→ **What you have to do**
Restate word for word the part of the material that runs from the line containing "Austin, Texas Cruzteca" through its final line, inclusive, minus the pictures.

→ **Extracted data**
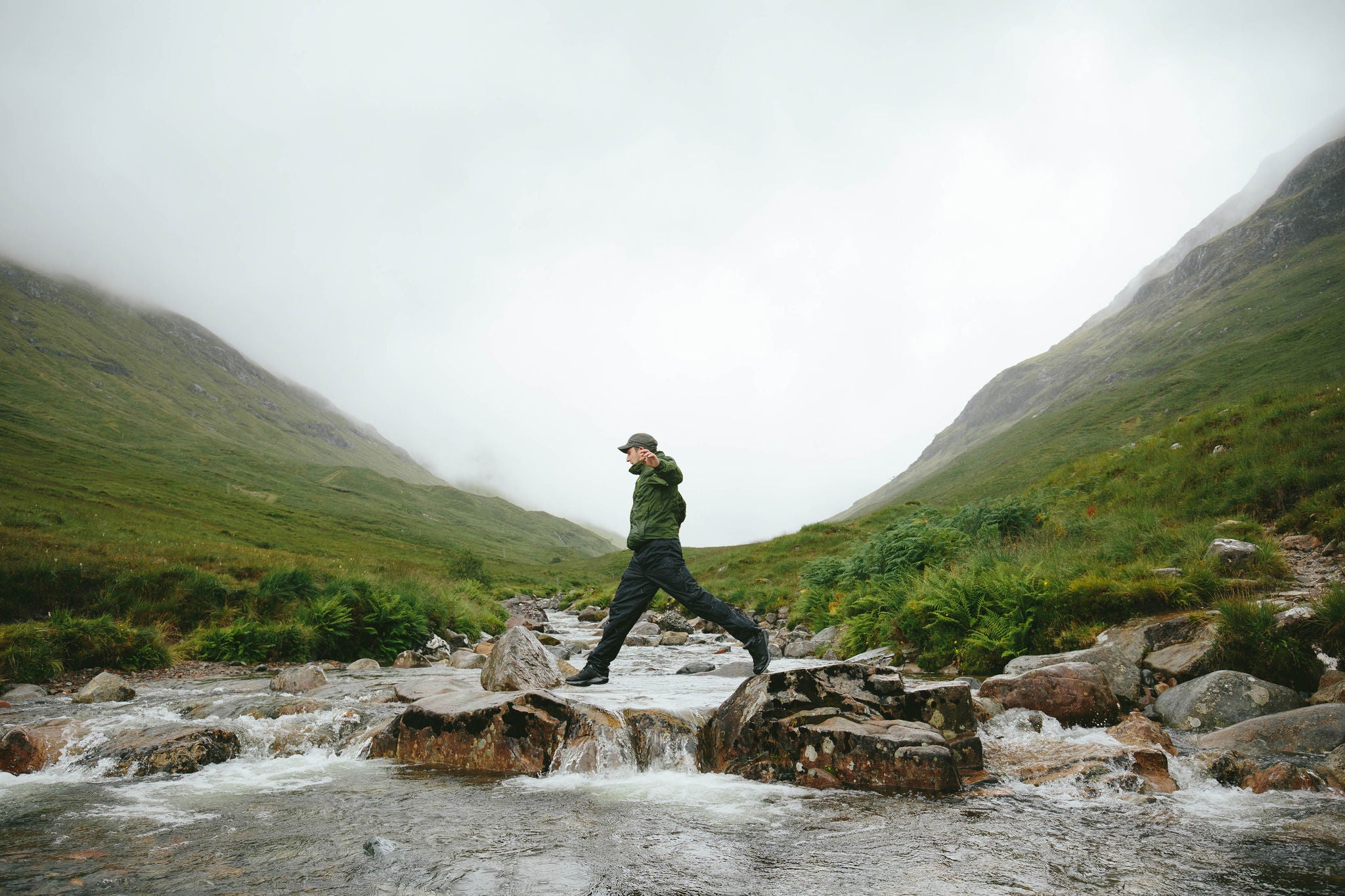 One man crossing river in lush green valley, Glencoe, Scotland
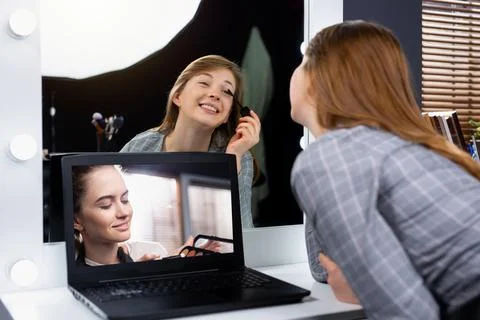 Online makeup tutorial. The make-up artist on the laptop screen, the student Stock-Fotos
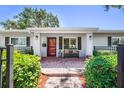 Inviting front porch with a brick walkway, stylish bench, and well-maintained landscaping at 430 44Th Ne Ave, St Petersburg, FL 33703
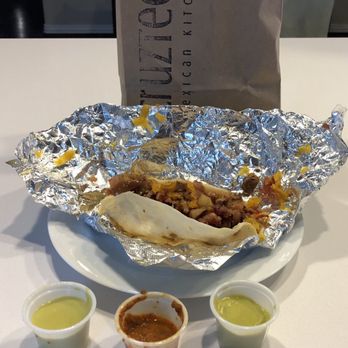 Cruzteca Mexican Kitchen - Yo Primero Breakfast Taco To Go- bacon, potatoes, caramelized onions, cheddar - Breakfast & Brunch Near Me - Austin, Texas Cruzteca Mexican Kitchen - Yo Primero Breakfast Taco To Go- bacon, potatoes, caramelized onions, cheddar - Breakfast & Brunch Near Me - Austin, Texas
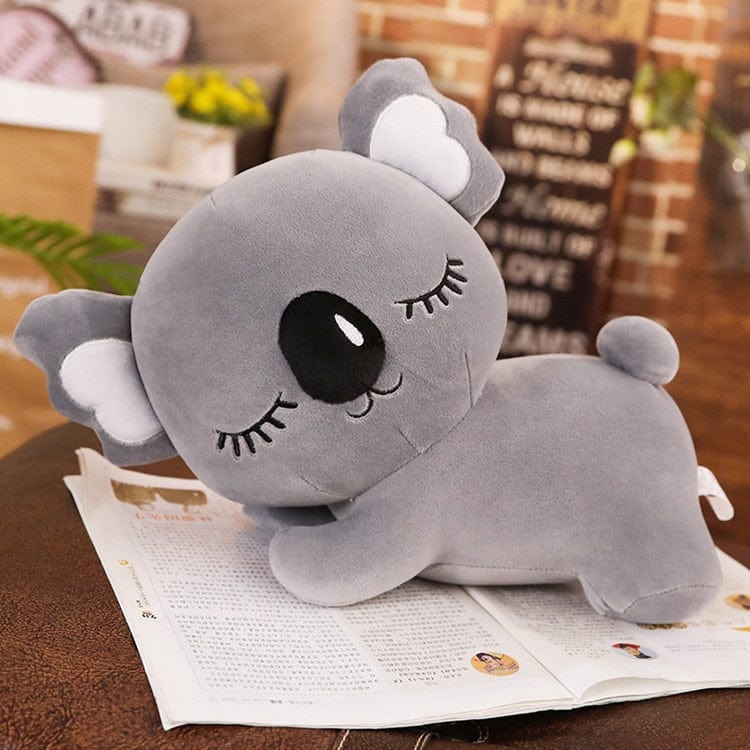 Peluche koala endormi avec de longs cils 35cm / Gris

→ **Response to this exercise**
 Cruzteca Mexican Kitchen - Yo Primero Breakfast Taco To Go- bacon, potatoes, caramelized onions, cheddar - Breakfast & Brunch Near Me - Austin, Texas Cruzteca Mexican Kitchen - Yo Primero Breakfast Taco To Go- bacon, potatoes, caramelized onions, cheddar - Breakfast & Brunch Near Me - Austin, Texas
 Peluche koala endormi avec de longs cils 35cm / Gris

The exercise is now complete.